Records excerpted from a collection
+ + + +

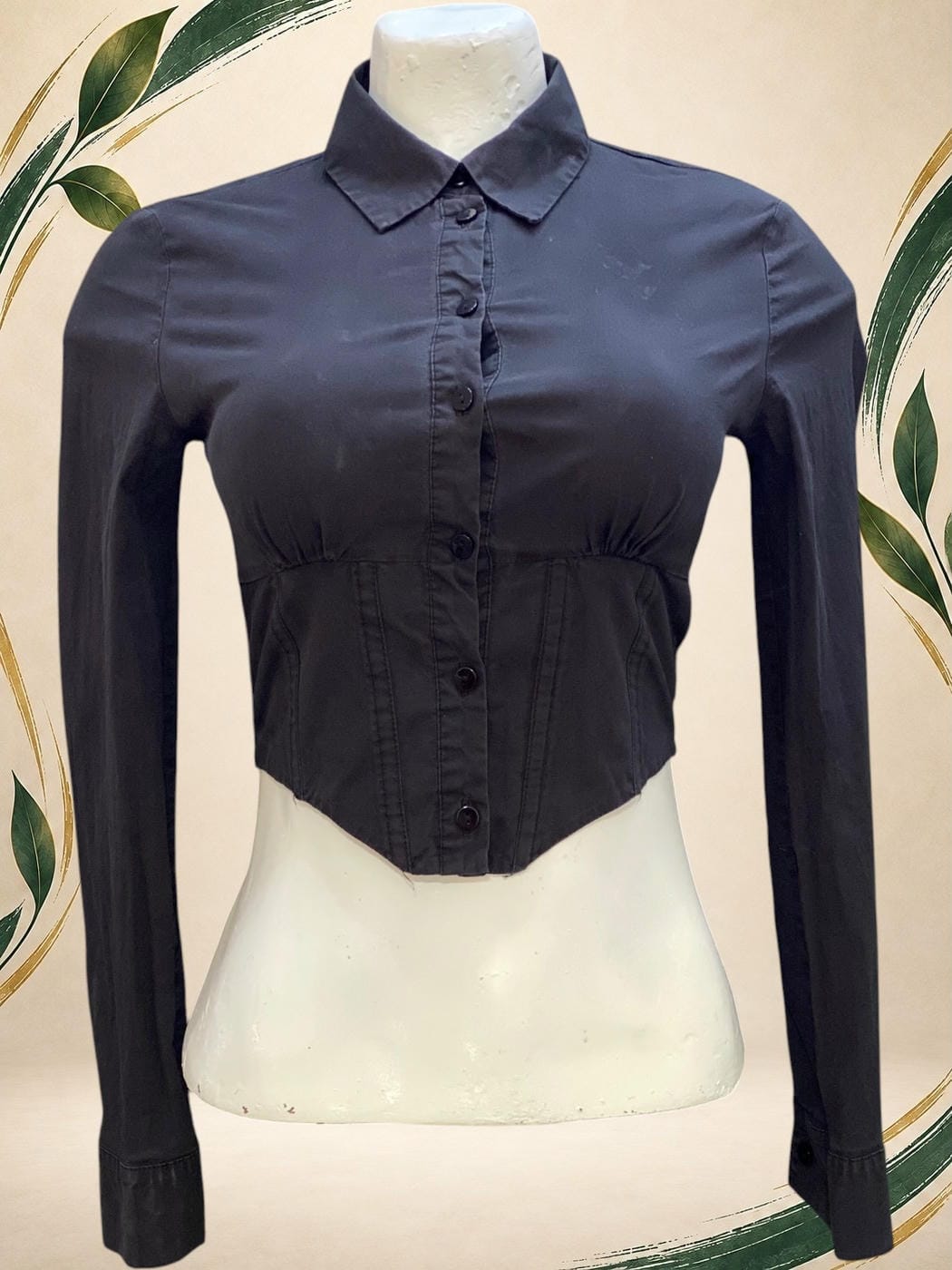 Vista frontal de Blusa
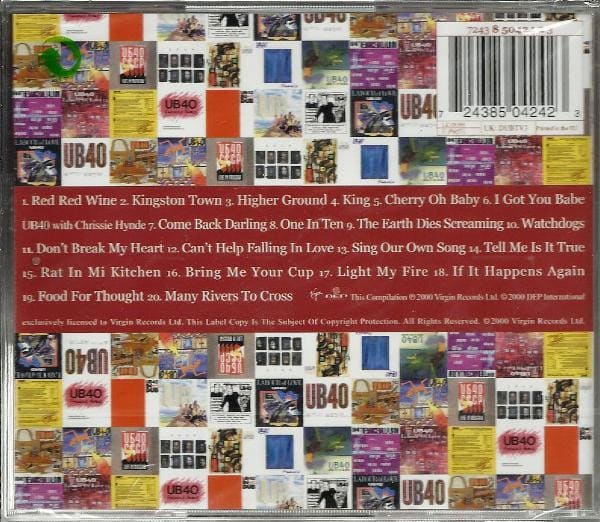 UB40 The Very Best Of UB40 Cd2
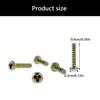 10pcs Replacement Y Shape Screw Game Console Housing Screws Gaming Accessory Easy Installation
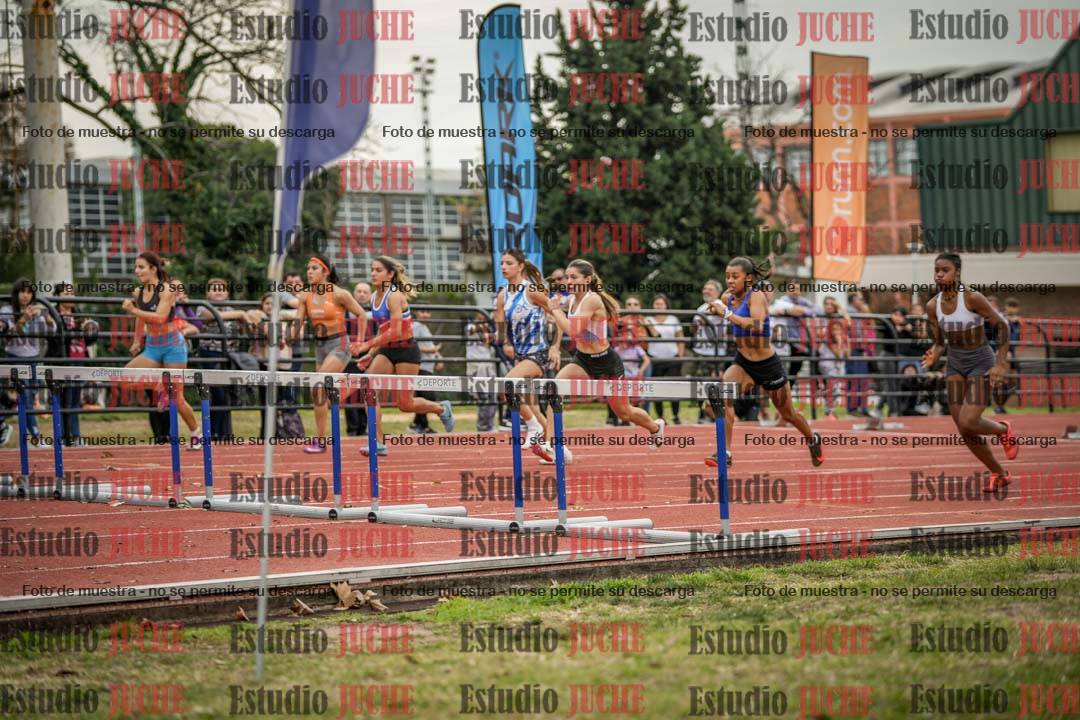 Fotos de los 100 m con vallas de mujeres - FINAL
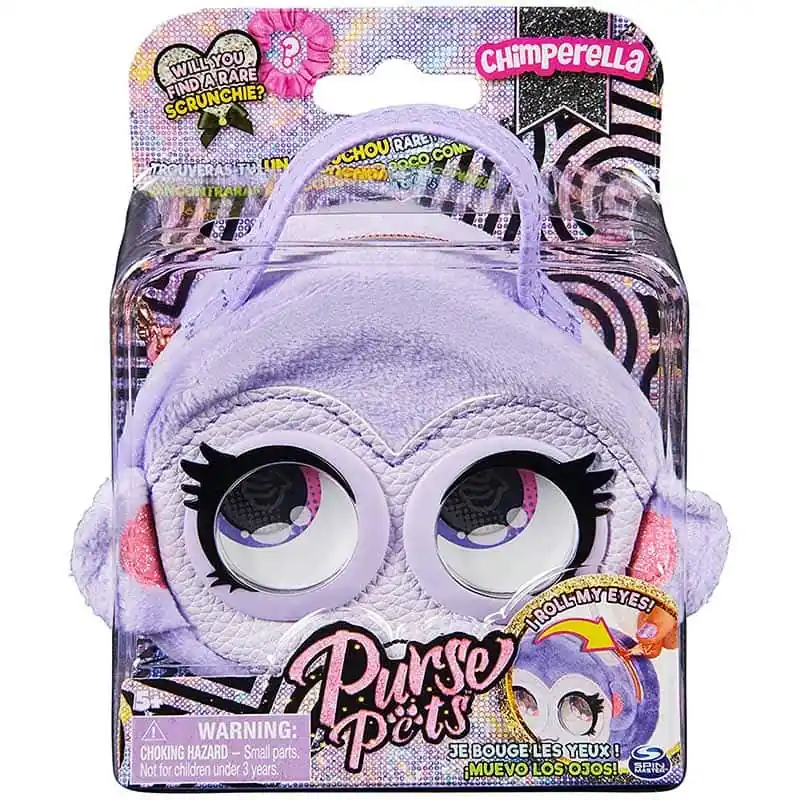 Akciós ár Purse Pets Chimperella mini táska mozgó szemekkel 9 cm (163726)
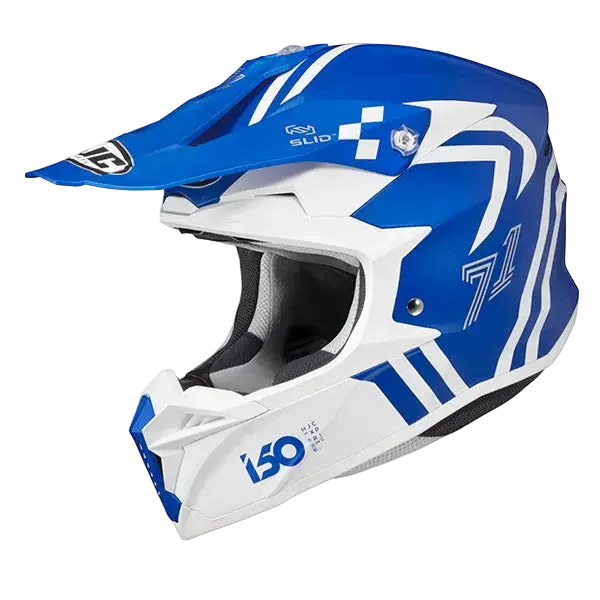 HJC i50 Hex MC2SF Motocross Enduro Caschi Bianco Blu 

+ + + +

● What to work on
Return exactly, with no pictures, each line from the one that contains "UB40 The Very Best Of UB40 Cd2" through the end of the entries above, both ends included.

● Final answer
 UB40 The Very Best Of UB40 Cd2
 10pcs Replacement Y Shape Screw Game Console Housing Screws Gaming Accessory Easy Installation
 Fotos de los 100 m con vallas de mujeres - FINAL
 Akciós ár Purse Pets Chimperella mini táska mozgó szemekkel 9 cm (163726)
 HJC i50 Hex MC2SF Motocross Enduro Caschi Bianco Blu 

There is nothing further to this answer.